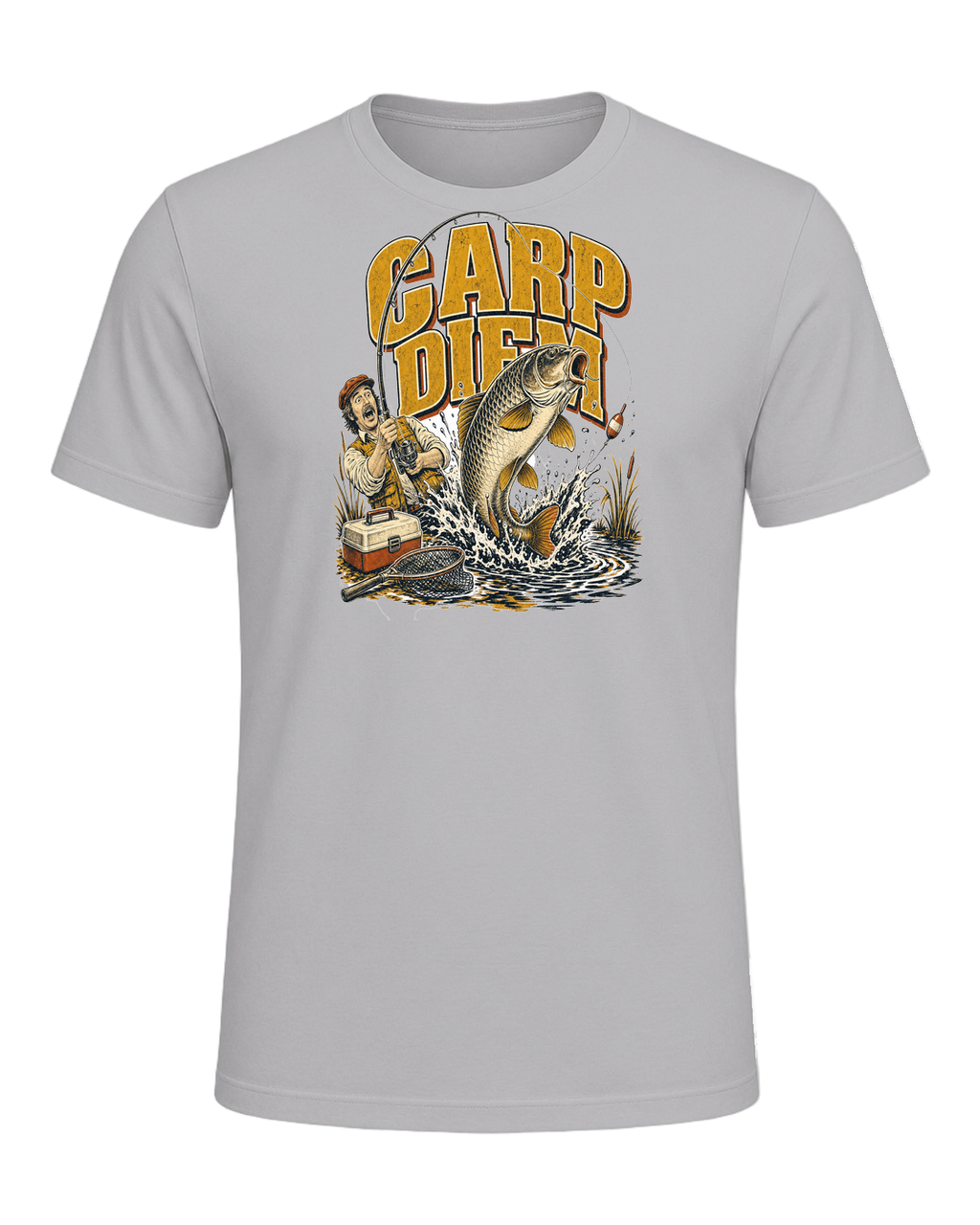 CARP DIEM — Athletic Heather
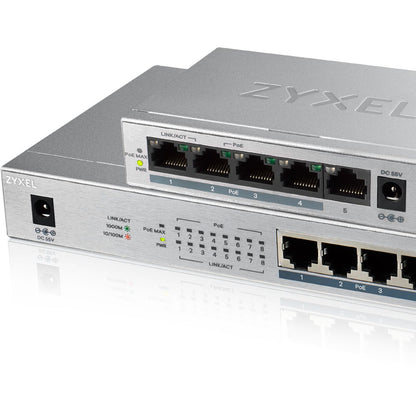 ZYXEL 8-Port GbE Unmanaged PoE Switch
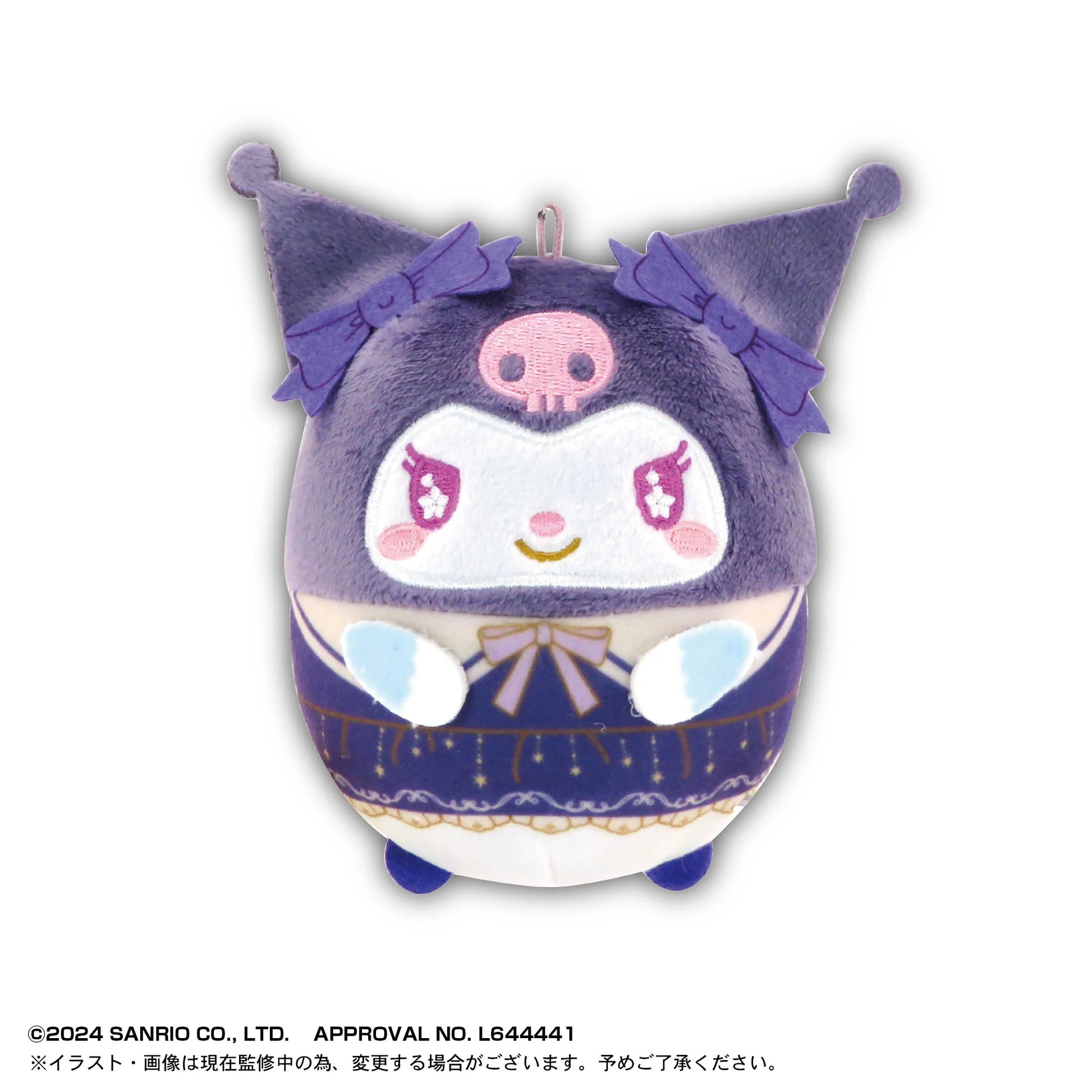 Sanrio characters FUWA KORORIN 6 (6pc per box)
——
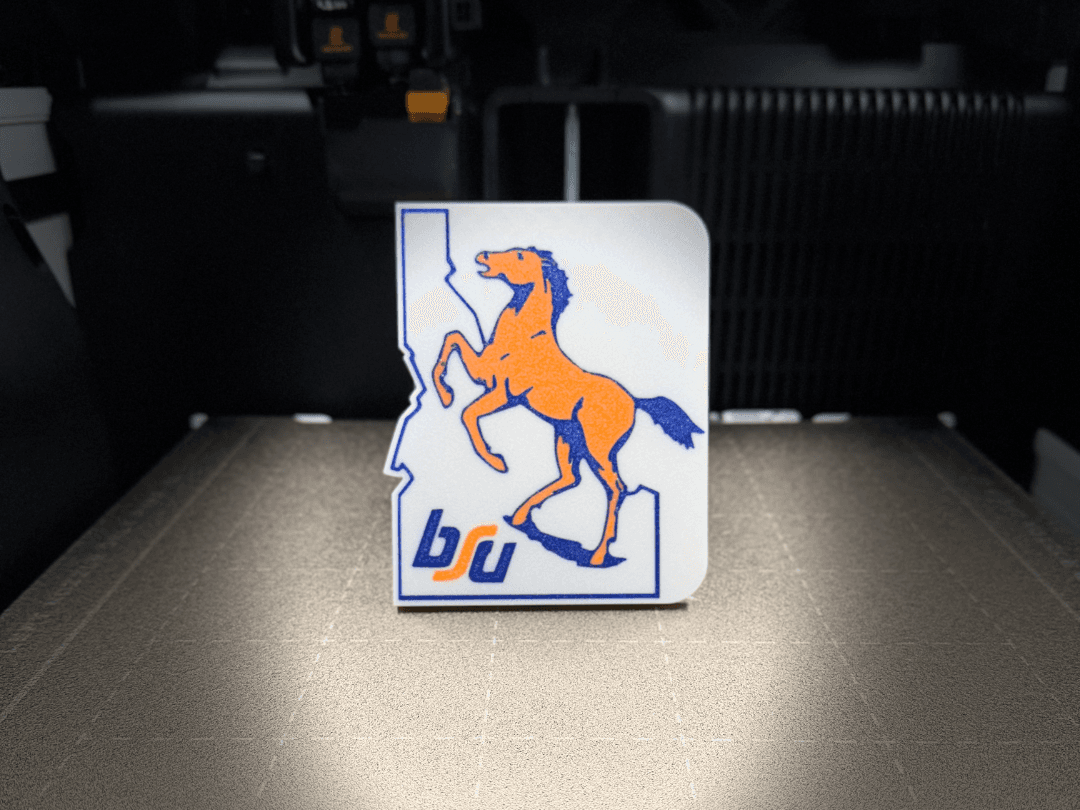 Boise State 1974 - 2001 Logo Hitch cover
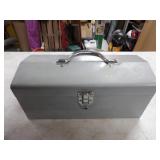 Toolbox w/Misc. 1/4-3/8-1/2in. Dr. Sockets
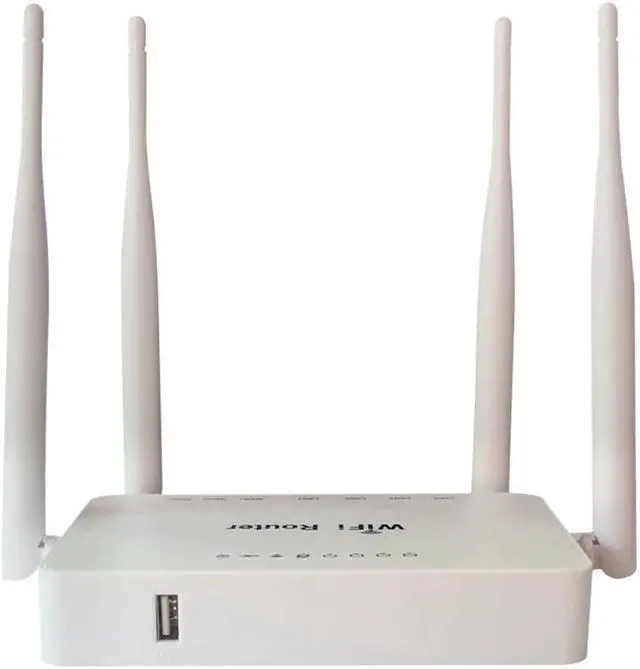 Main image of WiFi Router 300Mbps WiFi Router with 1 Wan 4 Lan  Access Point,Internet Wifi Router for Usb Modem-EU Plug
——
• About this task: Would you set down only the lines above from the line with "CARP DIEM — Athletic Heather" to the line with "Sanrio characters FUWA", both included, exactly as they stand and without the pictures?

• Result of this exercise:
 CARP DIEM — Athletic Heather
 ZYXEL 8-Port GbE Unmanaged PoE Switch
 Sanrio characters FUWA KORORIN 6 (6pc per box)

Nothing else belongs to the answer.